Das entkräftet eine bisherige Theorie der Kometenentstehung. Wenn sich kosmische Materie zusammenballt, spielt die Gravitation erst ab einer gewissen Größe - laut Hans-Ulrich Auster vom Institut für Geophysik und Extraterrestrische Physik der TU Braunschweig etwa ab 100 Metern - eine maßgebliche Rolle für das weitere Wachstum des Himmelskörpers. Unterhalb dieser Größe müssen andere Kräfte im Spiel sein. Magnetische Anziehung galt als plausible Hypothese, aber der macht Tschuri nun einen Strich durch die Rechnung.

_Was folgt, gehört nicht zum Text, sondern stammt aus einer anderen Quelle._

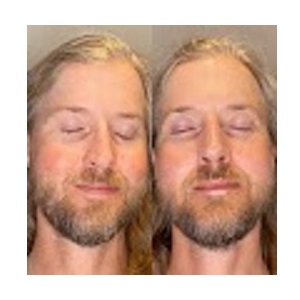 Image for Torstveit Medical Aesthetics with ID of: 5720925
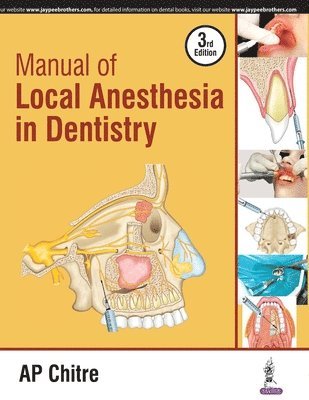 AP Chitre - Manual of Local Anaesthesia in Dentistry, Häftad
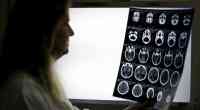 Noticia: Científicos descubren dos 'recetas' para frenar el envejecimiento del cerebro Científicos descubren dos 'recetas' para frenar el envejecimiento del cerebro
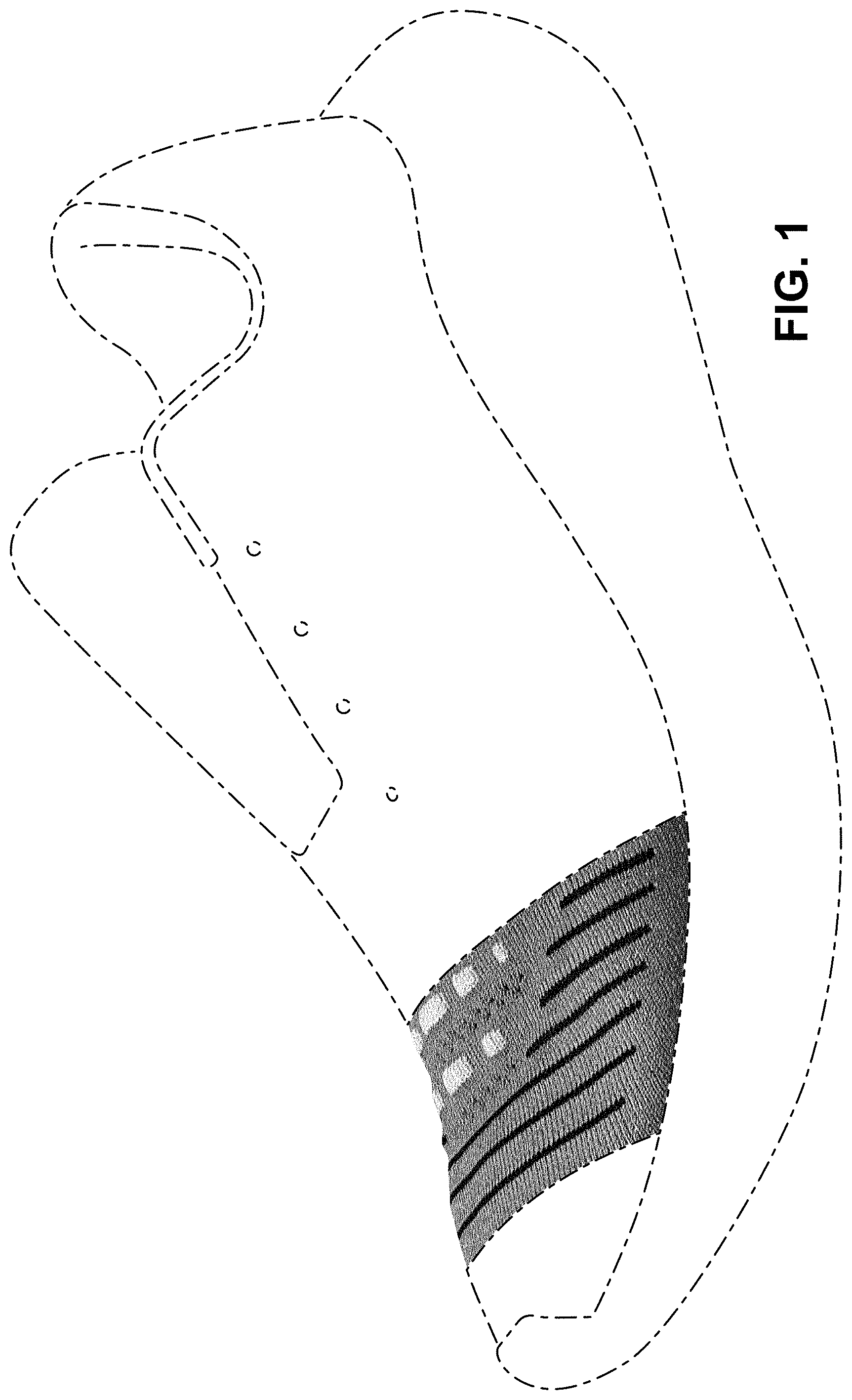 Patent USD1000099 — Shoe — Figure 1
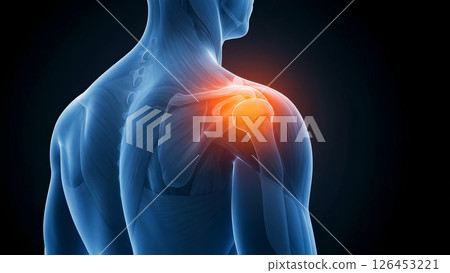 Medical illustration of a man suffering from shoulder joint pain and muscle tension, showing human muscle anatomy to highlight inflammation and injury 126453221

"Basierend auf Magnetfeldmessungen während des Abstiegs und dem anschließenden mehrfachen Touchdown des Rosetta-Lander Philae auf dem Kometen können wir zeigen, dass innerhalb der Grenzen der Analyse kein globales Magnetfeld nachgewiesen wurde", sagt Auster.

"Es wäre schon ein ganz dummer Zufall, wenn die Welt nebenan ganz anders wäre"

Auster stellt die Ergebnisse der jüngsten Auswertungen der Magnetfeldvermessungen des Kometen bei der diese Woche laufenden Generalversammlung der "European Geosciences Union" (EGU) in Wien vor. Bisher hielten es Weltraumforscher für möglich, dass magnetische Kräfte in einer bestimmten Phase der Entstehung des Kometen eine ausschlaggebende Rolle gespielt haben. "Das hätten wir uns gut vorstellen können. Diese Theorie für das Wachstum von Kometen im Zentimeter- und Meterbereich kann man aber, solange kein weiterer Komet untersucht ist, ausschließen", betonte der Geophysiker.

Dass es nicht doch noch Felsblöcke mit einem stärkeren magnetischen Moment in einer weiteren Distanz zur beobachteten Region auf "Tschuri" gibt, schließt Auster aus: "Es wäre schon ein ganz dummer Zufall, wenn die Welt nebenan ganz anders wäre." Sollte 67P/Tschurjumow-Gerassimenko repräsentativ für Kometenkerne sein, "dann haben magnetische Kräfte kaum eine Rolle bei der Akkumulation von Planeten-Bausteinen gespielt", so der Braunschweiger Forscher.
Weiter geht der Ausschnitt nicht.